First of all, why you're using a triple pointer for a BST is beyond me... a single pointer is sufficient. But to call it, I would just do, insert3(&((**tree)->left), word) that way you get the address of the actual "left" element of the double pointer tree.

oh yeah, and if you came up with the triple pointer structure (as opposed to your professor handing you code already in that format), then I highly suggest you rethink your structure.

 

[cchen]

hmm i tried that but it doesn't work - gives me the same error
i'm using a triple pointer because its being called from another function...

 

[arcain]

I can not think of a reason to use node ***. I don't think I've ever seen that before.

Basically in your function call you're passing the address of left. And it looks like left is defined as "struct node_s *" (according to the error).
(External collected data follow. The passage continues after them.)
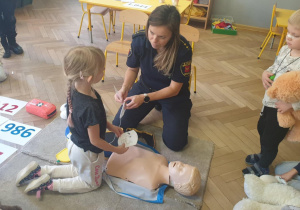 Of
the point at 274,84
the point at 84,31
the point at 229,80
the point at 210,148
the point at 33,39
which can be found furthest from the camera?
the point at 84,31

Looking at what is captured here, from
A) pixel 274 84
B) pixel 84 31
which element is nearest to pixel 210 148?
pixel 274 84

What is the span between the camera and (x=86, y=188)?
5.08 feet

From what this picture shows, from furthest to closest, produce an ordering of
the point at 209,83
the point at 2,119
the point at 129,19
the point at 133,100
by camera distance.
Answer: the point at 209,83
the point at 129,19
the point at 2,119
the point at 133,100

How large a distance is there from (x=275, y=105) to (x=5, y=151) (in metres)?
1.80

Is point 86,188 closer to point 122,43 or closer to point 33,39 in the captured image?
point 122,43

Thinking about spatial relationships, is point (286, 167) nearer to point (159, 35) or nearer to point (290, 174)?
point (290, 174)

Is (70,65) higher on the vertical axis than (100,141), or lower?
higher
So you're passing "struct node_s **" but from your function declaration, the compiler is expecting "struct node_s ***". These are differing levels of dereference. You could try calling it like "insert3(&&(**tree)->left, word);" that would solve that problem (at that level) right away, but uhh.. your program is probably going to die a horrible death.. if the compiler even lets you..

The "&(**tree)->left" will return an address, and the next & will return the address of that which probably only exists on the stack. And anything you do with that pointer is only going to be bad news.

I believe your use of a *** is incorrect, but it would be hard to tell without seeing more code.

 

[cchen]

thanks... fixed that problem.....

one more quick question

void insert3 (node **tree, char *word) {

if ((*tree)==NULL) {
(*tree)=(node *)malloc(sizeof(tree));
(*tree)->left=NULL;
(*tree)->right=NULL;
(*tree)->word=(char *)malloc(100);
strcpy((*tree)->word,word);
return;
}
else {
if (strcmp(word,(*tree)->word)<0)
insert3(&(*tree)->left,word);
else {
if (strcmp(word,(*tree)->word)>0)
insert3(&(*tree)->right,word);
}
}
}

that's my insert function into the bst... if i insert words into the bst... after inserting the second word... the bst becomes messed up.... the words insert correctly... but say if i was only inserting to the left side, somehow the right side would be pointing to some random unallocated memory..... anyone see why that would be?

 

[arcain]

(*tree)=(node *)malloc(sizeof(tree));

That line is incorrect. tree is a node **. Since tree is a pointer, sizeof will return the size of a pointer. You will want to do sizeof(node).

 

[hans007]

your code is pretty wrong man.



your header if i were to do this i'd make node* tree





for the mallocs you do .


tree=(node*) malloc (sizof (struct node ) );


optionally


tree=(node*) malloc (sizeof (node * ) ) i'm told works as well.

 

[arcain]

Originally posted by: hans007
your code is pretty wrong man.



your header if i were to do this i'd make node* tree





for the mallocs you do .


tree=(node*) malloc (sizof (struct node ) );


optionally


tree=(node*) malloc (sizeof (node * ) ) i'm told works as well.

I'm not sure if that last line works.. (node *) is a pointer type, and he doesn't want to allocate sizeof (a pointer), he wants to allocate sizeof(node structure).

 

[hans007]

Originally posted by: arcain

Originally posted by: hans007
your code is pretty wrong man.



your header if i were to do this i'd make node* tree





for the mallocs you do .


tree=(node*) malloc (sizof (struct node ) );


optionally


tree=(node*) malloc (sizeof (node * ) ) i'm told works as well.

I'm not sure if that last line works.. (node *) is a pointer type, and he doesn't want to allocate sizeof (a pointer), he wants to allocate sizeof(node structure).

ididnt think it worked either, i always do it the struct way.


but i guess, node is a pointer type, but if you put a star next to it , its dereferenced to the non pointer type that its based on, or a struct node type.